**Goal of the exercise:** Give back the full listing as written. No pictures go with it.

**Data extract:**
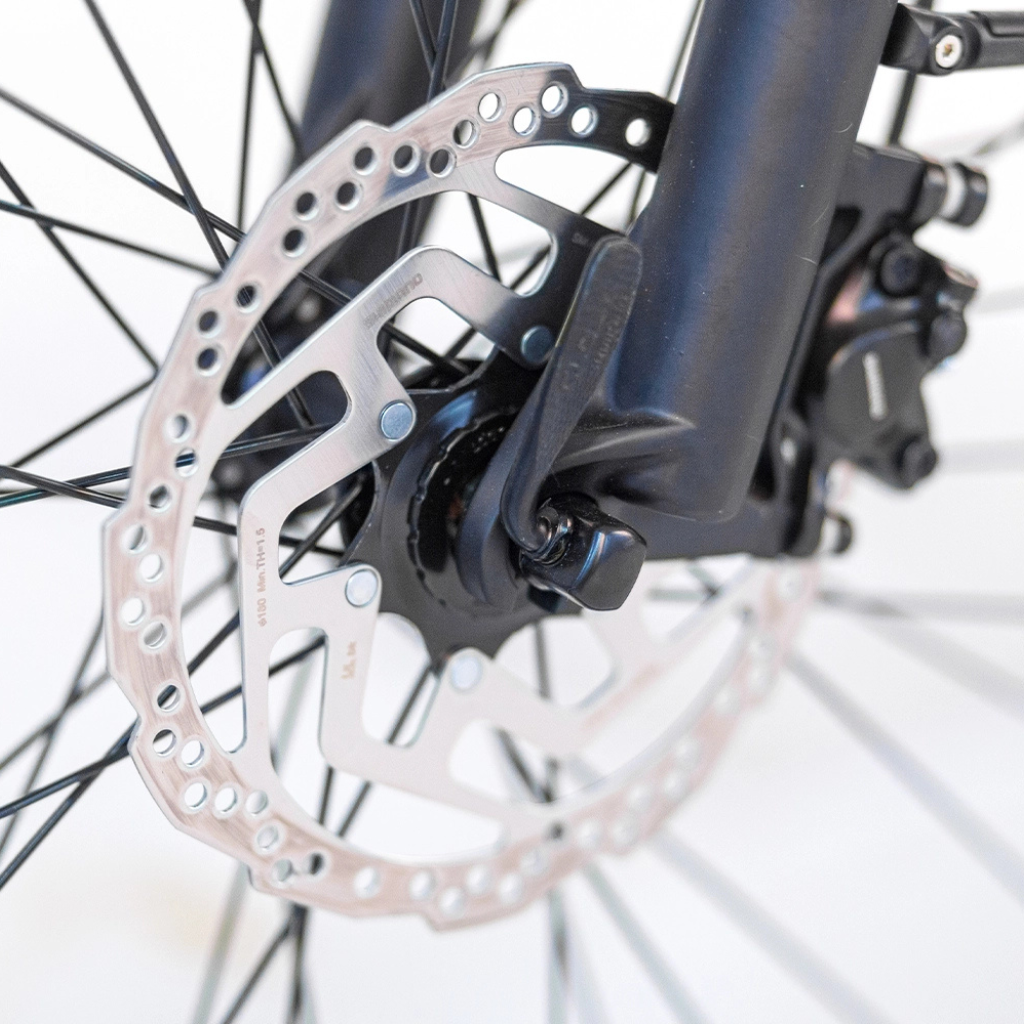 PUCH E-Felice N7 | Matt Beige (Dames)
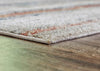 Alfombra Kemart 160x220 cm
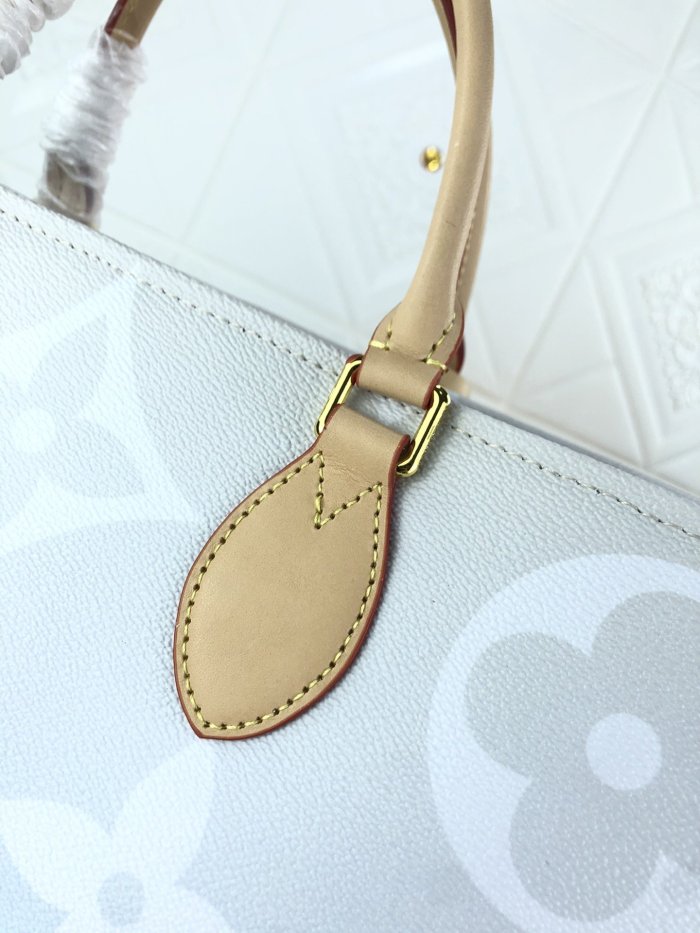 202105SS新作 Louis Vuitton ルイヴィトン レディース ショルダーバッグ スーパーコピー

**Response box:**
 PUCH E-Felice N7 | Matt Beige (Dames)
 Alfombra Kemart 160x220 cm
 202105SS新作 Louis Vuitton ルイヴィトン レディース ショルダーバッグ スーパーコピー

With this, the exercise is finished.